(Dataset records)
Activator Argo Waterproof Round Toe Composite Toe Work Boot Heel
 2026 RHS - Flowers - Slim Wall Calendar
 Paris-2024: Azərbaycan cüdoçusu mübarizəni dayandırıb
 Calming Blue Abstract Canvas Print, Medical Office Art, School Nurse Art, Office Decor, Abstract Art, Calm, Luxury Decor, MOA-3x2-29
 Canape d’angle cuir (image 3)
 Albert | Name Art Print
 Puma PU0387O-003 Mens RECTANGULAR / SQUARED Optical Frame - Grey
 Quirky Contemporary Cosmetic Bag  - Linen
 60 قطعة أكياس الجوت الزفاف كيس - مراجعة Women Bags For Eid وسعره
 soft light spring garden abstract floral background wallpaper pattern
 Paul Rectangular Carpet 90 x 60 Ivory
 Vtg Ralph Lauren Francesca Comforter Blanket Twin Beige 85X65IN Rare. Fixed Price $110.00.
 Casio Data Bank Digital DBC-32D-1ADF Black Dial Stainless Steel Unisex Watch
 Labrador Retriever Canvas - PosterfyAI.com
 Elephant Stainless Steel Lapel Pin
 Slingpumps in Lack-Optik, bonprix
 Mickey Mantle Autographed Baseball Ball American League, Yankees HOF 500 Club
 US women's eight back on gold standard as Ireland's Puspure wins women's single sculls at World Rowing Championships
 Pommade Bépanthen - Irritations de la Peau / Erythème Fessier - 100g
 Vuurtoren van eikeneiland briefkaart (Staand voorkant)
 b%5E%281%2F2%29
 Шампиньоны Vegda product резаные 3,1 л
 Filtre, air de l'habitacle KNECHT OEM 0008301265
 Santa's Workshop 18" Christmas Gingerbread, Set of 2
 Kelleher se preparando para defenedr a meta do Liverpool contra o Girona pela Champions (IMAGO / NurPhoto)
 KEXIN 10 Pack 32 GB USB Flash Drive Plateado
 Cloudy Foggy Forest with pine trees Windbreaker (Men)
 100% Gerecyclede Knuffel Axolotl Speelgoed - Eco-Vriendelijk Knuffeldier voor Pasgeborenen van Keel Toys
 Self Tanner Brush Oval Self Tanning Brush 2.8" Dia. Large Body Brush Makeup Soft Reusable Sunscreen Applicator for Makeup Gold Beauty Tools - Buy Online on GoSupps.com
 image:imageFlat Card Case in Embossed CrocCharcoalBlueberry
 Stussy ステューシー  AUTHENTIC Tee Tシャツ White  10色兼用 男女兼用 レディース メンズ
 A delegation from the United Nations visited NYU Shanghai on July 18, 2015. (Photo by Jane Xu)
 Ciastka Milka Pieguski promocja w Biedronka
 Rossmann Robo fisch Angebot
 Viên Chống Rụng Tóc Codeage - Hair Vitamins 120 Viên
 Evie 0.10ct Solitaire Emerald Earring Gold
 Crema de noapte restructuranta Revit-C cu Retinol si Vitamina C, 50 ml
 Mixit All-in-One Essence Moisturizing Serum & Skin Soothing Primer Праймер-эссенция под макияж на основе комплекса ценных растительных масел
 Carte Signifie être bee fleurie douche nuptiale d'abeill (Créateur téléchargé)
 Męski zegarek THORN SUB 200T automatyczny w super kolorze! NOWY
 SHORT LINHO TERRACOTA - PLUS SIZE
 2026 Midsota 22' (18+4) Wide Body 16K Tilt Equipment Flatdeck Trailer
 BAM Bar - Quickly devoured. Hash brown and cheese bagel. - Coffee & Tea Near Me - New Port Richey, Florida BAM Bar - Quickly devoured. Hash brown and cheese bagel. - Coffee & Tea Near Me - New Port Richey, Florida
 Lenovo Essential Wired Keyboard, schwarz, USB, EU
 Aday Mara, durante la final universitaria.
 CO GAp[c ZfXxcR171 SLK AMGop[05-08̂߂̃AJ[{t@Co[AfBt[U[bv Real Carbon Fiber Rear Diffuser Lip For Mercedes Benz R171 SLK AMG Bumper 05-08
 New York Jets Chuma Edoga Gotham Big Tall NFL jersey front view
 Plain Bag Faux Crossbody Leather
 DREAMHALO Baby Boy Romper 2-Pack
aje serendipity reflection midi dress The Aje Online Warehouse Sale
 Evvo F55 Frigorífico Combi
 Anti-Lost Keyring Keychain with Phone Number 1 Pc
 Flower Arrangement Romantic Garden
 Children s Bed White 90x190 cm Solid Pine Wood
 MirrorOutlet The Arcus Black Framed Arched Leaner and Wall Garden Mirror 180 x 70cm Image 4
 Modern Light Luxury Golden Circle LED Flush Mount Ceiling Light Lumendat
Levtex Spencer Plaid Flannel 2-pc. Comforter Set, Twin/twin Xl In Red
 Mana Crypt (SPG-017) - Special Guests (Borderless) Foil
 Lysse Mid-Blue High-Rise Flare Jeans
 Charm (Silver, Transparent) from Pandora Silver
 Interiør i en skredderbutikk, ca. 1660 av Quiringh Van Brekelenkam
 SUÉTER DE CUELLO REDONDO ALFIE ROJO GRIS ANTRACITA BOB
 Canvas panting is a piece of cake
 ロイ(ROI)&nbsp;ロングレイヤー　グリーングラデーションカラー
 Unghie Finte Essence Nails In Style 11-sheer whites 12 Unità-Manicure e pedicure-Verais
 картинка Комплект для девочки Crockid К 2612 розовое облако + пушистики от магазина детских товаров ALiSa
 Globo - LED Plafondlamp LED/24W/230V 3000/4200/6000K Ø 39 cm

- **Task directions**: Please, from the entries above, set down exactly the lines from the one containing "Canape d’angle cuir (image 3)" through the one containing "男女兼用 レディース メンズ", and only those.

- **Output**:
 Canape d’angle cuir (image 3)
 Albert | Name Art Print
 Puma PU0387O-003 Mens RECTANGULAR / SQUARED Optical Frame - Grey
 Quirky Contemporary Cosmetic Bag  - Linen
 60 قطعة أكياس الجوت الزفاف كيس - مراجعة Women Bags For Eid وسعره
 soft light spring garden abstract floral background wallpaper pattern
 Paul Rectangular Carpet 90 x 60 Ivory
 Vtg Ralph Lauren Francesca Comforter Blanket Twin Beige 85X65IN Rare. Fixed Price $110.00.
 Casio Data Bank Digital DBC-32D-1ADF Black Dial Stainless Steel Unisex Watch
 Labrador Retriever Canvas - PosterfyAI.com
 Elephant Stainless Steel Lapel Pin
 Slingpumps in Lack-Optik, bonprix
 Mickey Mantle Autographed Baseball Ball American League, Yankees HOF 500 Club
 US women's eight back on gold standard as Ireland's Puspure wins women's single sculls at World Rowing Championships
 Pommade Bépanthen - Irritations de la Peau / Erythème Fessier - 100g
 Vuurtoren van eikeneiland briefkaart (Staand voorkant)
 b%5E%281%2F2%29
 Шампиньоны Vegda product резаные 3,1 л
 Filtre, air de l'habitacle KNECHT OEM 0008301265
 Santa's Workshop 18" Christmas Gingerbread, Set of 2
 Kelleher se preparando para defenedr a meta do Liverpool contra o Girona pela Champions (IMAGO / NurPhoto)
 KEXIN 10 Pack 32 GB USB Flash Drive Plateado
 Cloudy Foggy Forest with pine trees Windbreaker (Men)
 100% Gerecyclede Knuffel Axolotl Speelgoed - Eco-Vriendelijk Knuffeldier voor Pasgeborenen van Keel Toys
 Self Tanner Brush Oval Self Tanning Brush 2.8" Dia. Large Body Brush Makeup Soft Reusable Sunscreen Applicator for Makeup Gold Beauty Tools - Buy Online on GoSupps.com
 image:imageFlat Card Case in Embossed CrocCharcoalBlueberry
 Stussy ステューシー  AUTHENTIC Tee Tシャツ White  10色兼用 男女兼用 レディース メンズ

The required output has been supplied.